> [Work request]: Write out the data word for word and drop any picture you find.

> [Data below]:

>>>

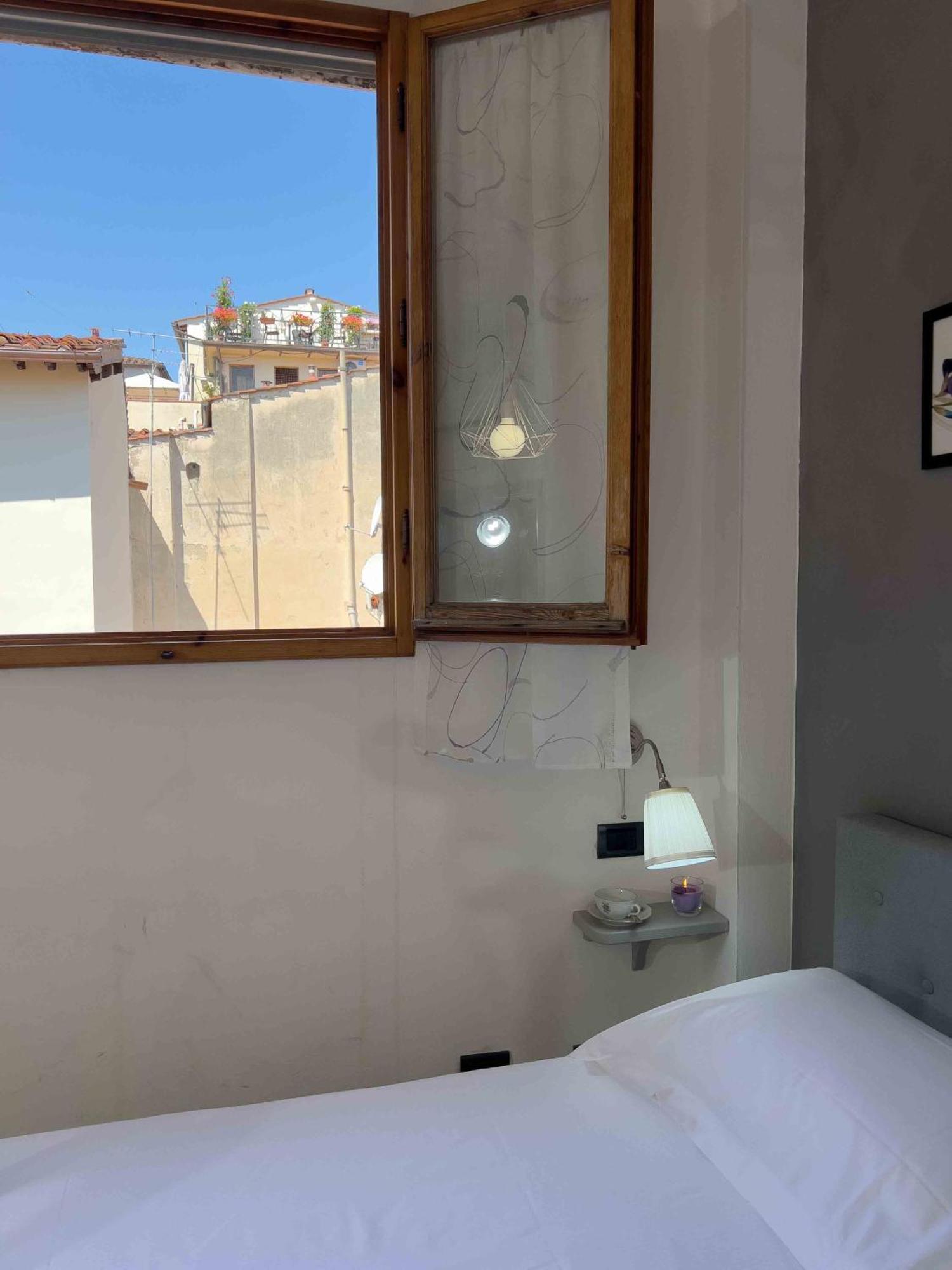 Lezioso, Casegalante In Apartamento *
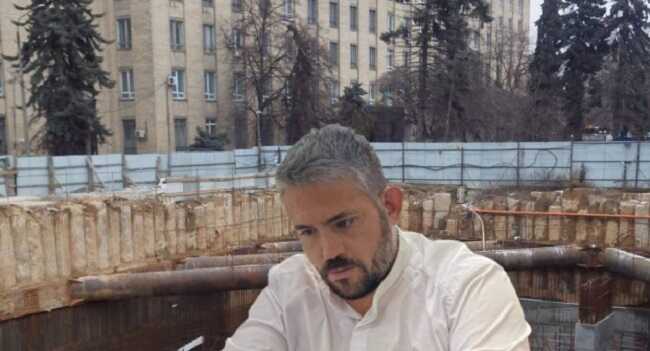 “Привид “50Avenue”: забудовника змушують прибрати фундамент БФК зі скверу “Слава танкістам”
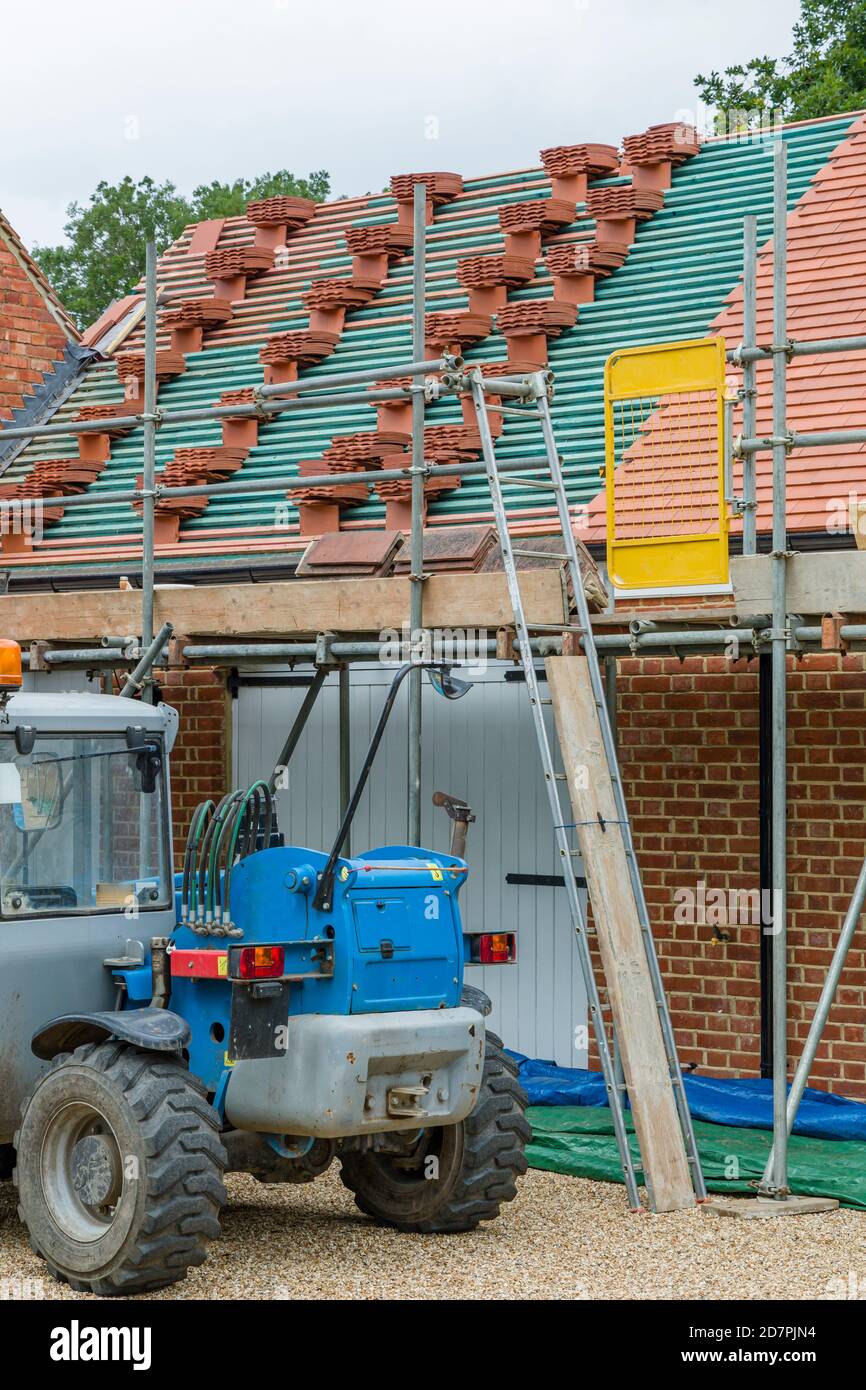 Baustelle mit Maschinen und Gerüsten, UK Haus Erweiterung, Scheune Umbau Stockfoto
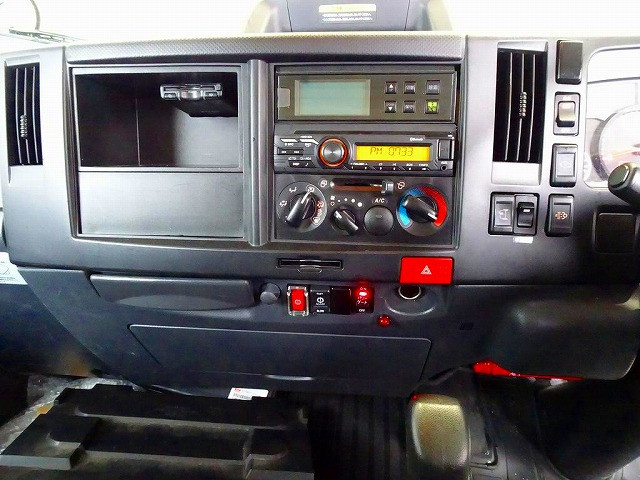 いすゞ エルフ 小型 冷蔵冷凍バン 2RG-NMR88AN(103386) 10枚目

<<<

> [Answer to this exercise]:
 Lezioso, Casegalante In Apartamento *
 “Привид “50Avenue”: забудовника змушують прибрати фундамент БФК зі скверу “Слава танкістам”
 Baustelle mit Maschinen und Gerüsten, UK Haus Erweiterung, Scheune Umbau Stockfoto
 いすゞ エルフ 小型 冷蔵冷凍バン 2RG-NMR88AN(103386) 10枚目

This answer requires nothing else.